Très souvent je me rendais à la Cité avec mon petit vélo pour divers motifs : soit pour voir des amis qui habitaient la plupart à la Maison d’Indochine comme Đinh Trịnh Hiển, Trương Như Bích, ou les provinces de France tels que l’architecte Ngô Viết Thụ ( 1er prix de Rome ), Phạm Trọng Khiêm…soit pour le sport : piscine, tennis… soit pour des soirées dansantes organisées presque chaque week-end, mais surtout pour des repas d’étudiants à la Maison Internationale où justement je vais y remettre les pieds pour avoir l’occasion de revoir ce lieu qui m’était si cher.
Le cadre de la Maison Internationale est toujours le même ainsi que le restaurant lui-même : toujours une queue interminable pour prendre soi-même un plateau et se servir des plats limités pour chaque personne. Tarif spécial pour les étudiants et tarif différent pour les visiteurs.
Le souvenir le plus frappant qui me vient à l’esprit est l’image de notre ancien professeur du lycée Albert Sarraut , l’écrivain Phạm Duy Khiêm ( condisciple des Présidents Pompidou et Léopold Sedar Senghor du Sénégal ) qui plus tard deviendra le premier ambassadeur de la République du Viet-Nam en France.
Je revois encore avec émotion l’image d’un intellectuel qui après son déjeuner commun avec nombre de ses anciens élèves, se livrait à des heures entières de lecture et de méditation à la bibliothèque avant d’aller se plonger dans les eaux fraîches de la piscine.
J’ai parlé de mon ancien Maître dans divers autres articles car par la suite, j’ai eu l’honneur d’être son collaborateur en qualité d’Attaché Economique à l’Ambassade du Viet-Nam en France. On sait par la suite que le pauvre Phạm Duy Khiêm a eu une mort tragique en France en 1974 à l’âge de 66 ans.
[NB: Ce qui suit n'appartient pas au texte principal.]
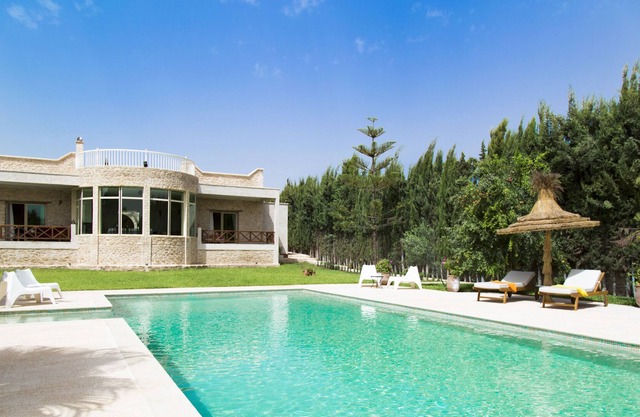 Illi house with swimming pool, hamam and gym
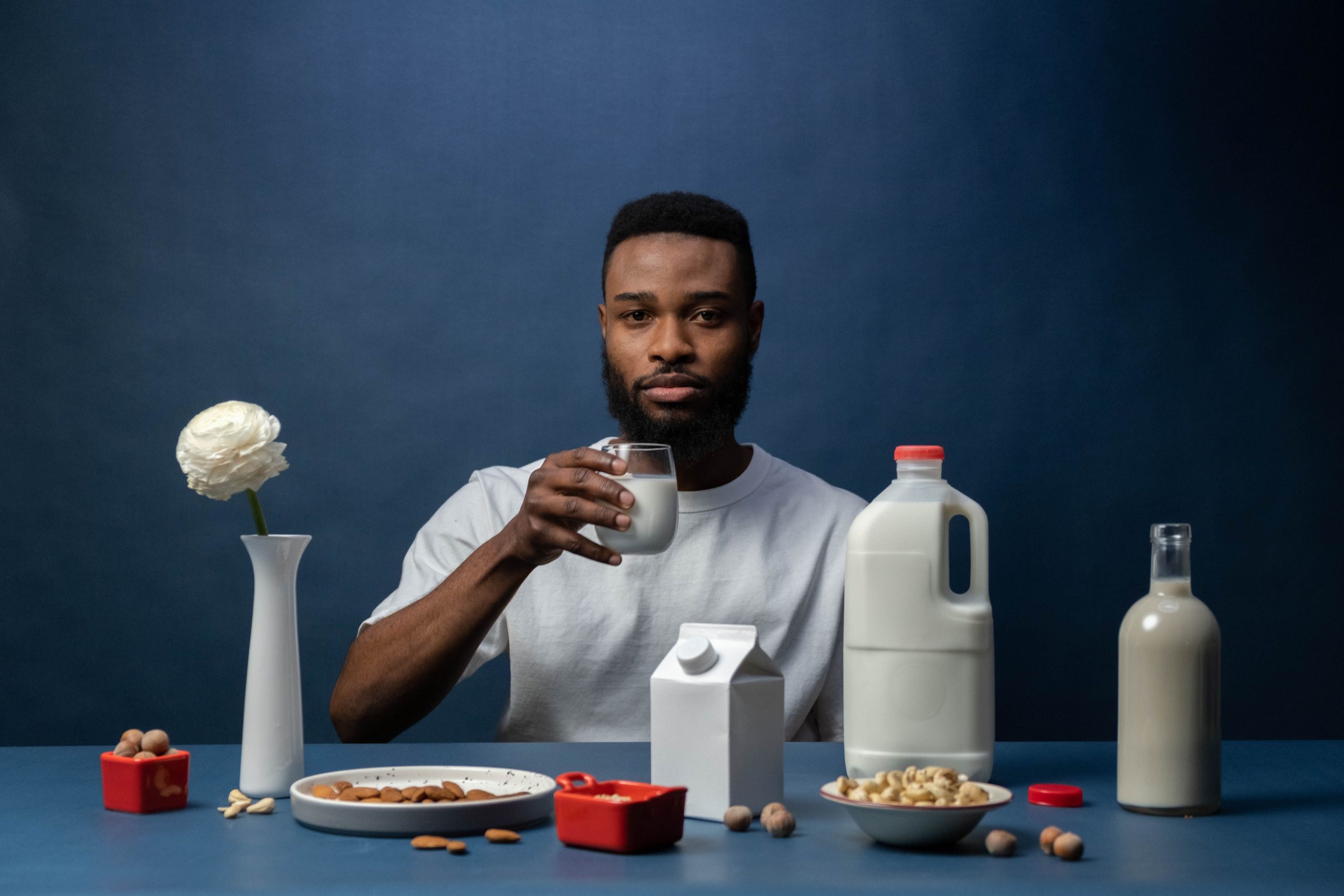 Homme avec boisson amande et petit-déjeuner sain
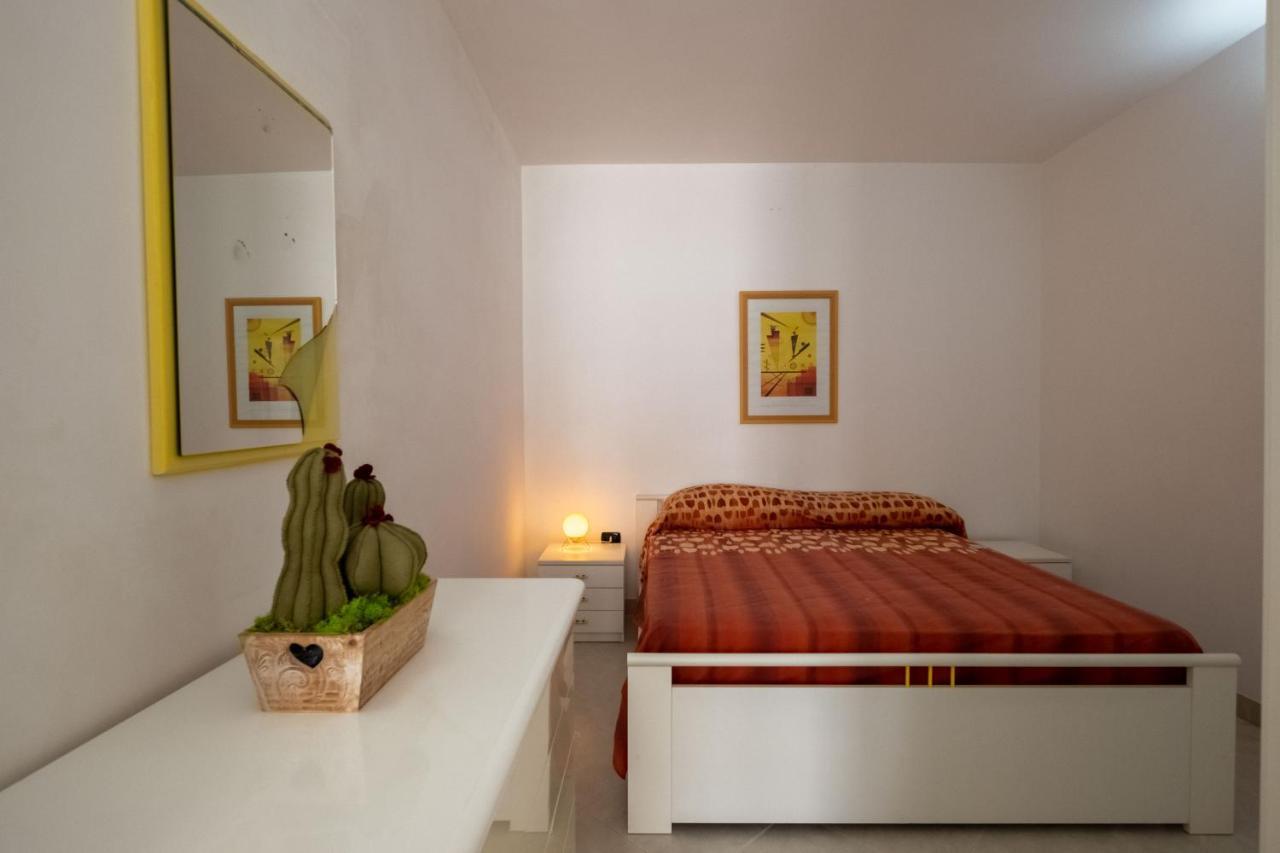 Perla Marina Apartment Torre Pali Exterior photo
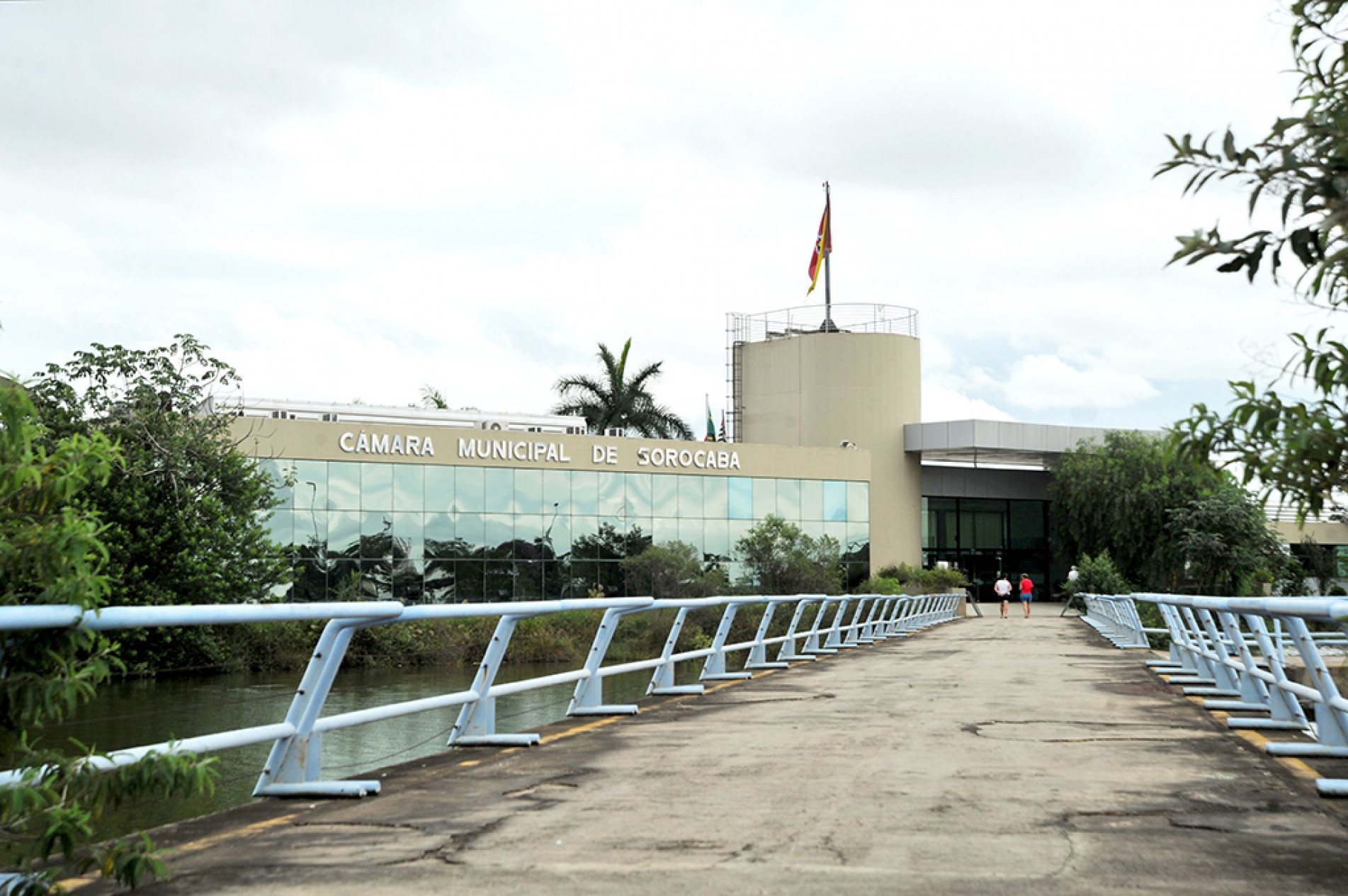 Cerimônia será no plenário da Câmara a partir das 19h: haverá transmissão pelo YouTube
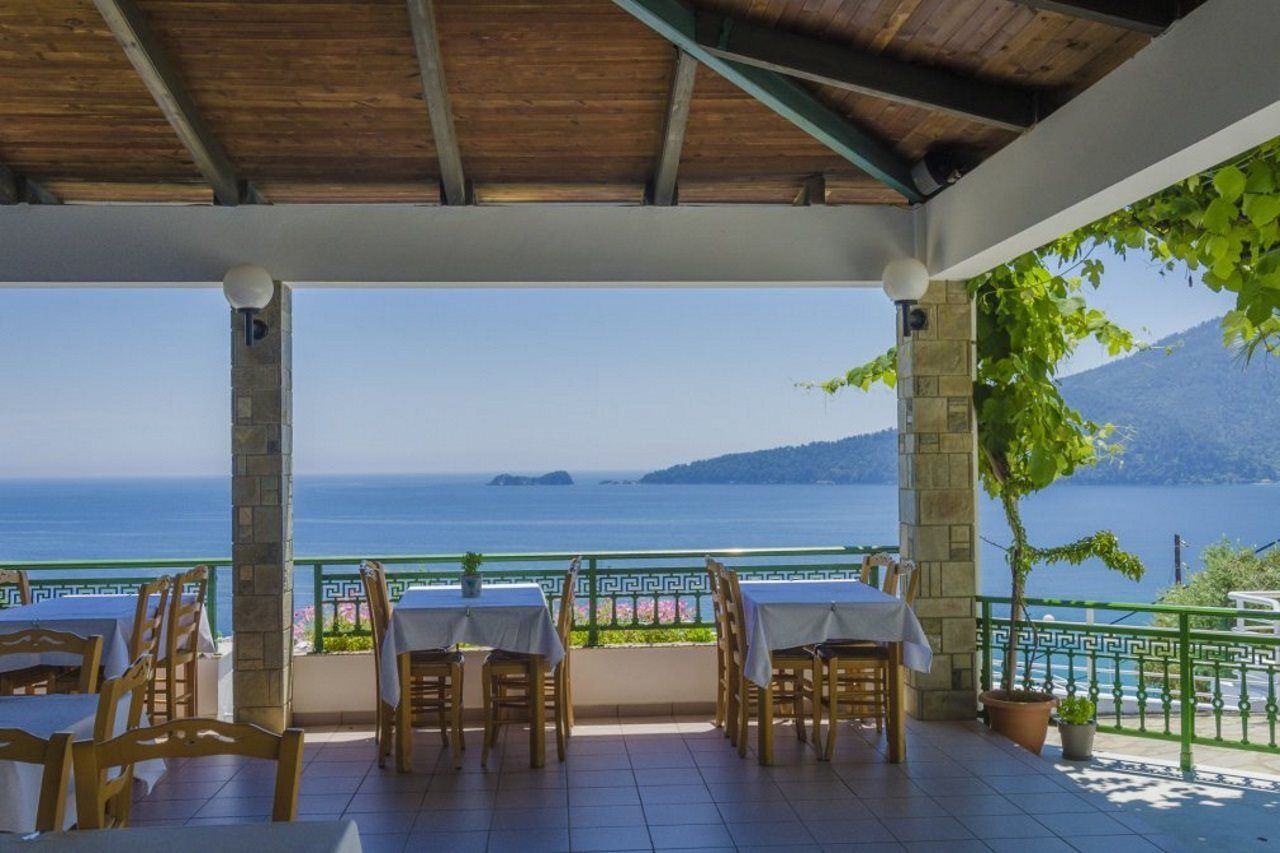 Dionysos Hotel Skala Potamia  Exterior photo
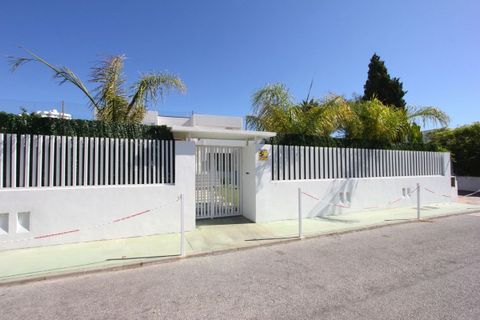 Villa i Marbella, Malaga, Marbella - € 2.750.000 | Ref: MA-MB-R300123S/7965 - foto 35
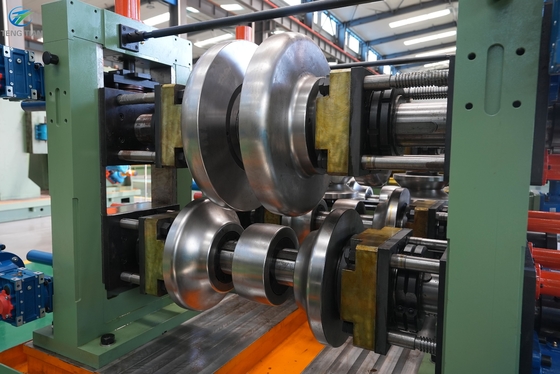 Volledig automatische machine voor het vervaardigen van stalen buizen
Donc avec les sœurs Bảo Xuyến et Lệ Khanh nous avons passé une après-midi très agréable.
Au cours du déjeuner, on a évoqué les souvenirs de jeunesse avec des amis dont la plupart ne sont plus de ce monde comme le docteur Phạm Quang Thiều, les frères Bạch Thái Bình, Bạch Thái Định, Dương Liên ( ancien PDG de la Cie Việt Nam Hàng Hải ) et particulièrement l’adorable époux de Bảo Xuyến , le professeur Lê Văn que j’avais connu en 1950 à bord du bateau Athos II qui nous a transportés à Marseille, après un long mois de trajet .
Après ses études à Paris, Lê Văn était rentré à Huế pour assumer les fonctions de Doyen de la faculté des Lettres sous la direction du Recteur de l’Académie, le Révérend Père Cao Văn Luận.
Après des heures de conversation à bâtons rompus nous nous quittâmes en nous donnant rendez-vous pour la prochaine fois, toujours à Paris, car Mme Lê Bảo Xuyến doit s’y rendre chaque année pour visiter plusieurs membres de sa famille vivant en Europe ainsi que d’anciens amis et condisciples.
Notons en passant que Bảo Xuyến est très acive au sein de l’Association des Anciens d’ Albert Sarraut en Californie dont elle est la Vice-Présidente.
En nous disant au revoir, Bảo Xuyến ajouta ces quelques mots ô combien sympathiques :
« Je me souviendrai à jamais de cette rencontre historique ».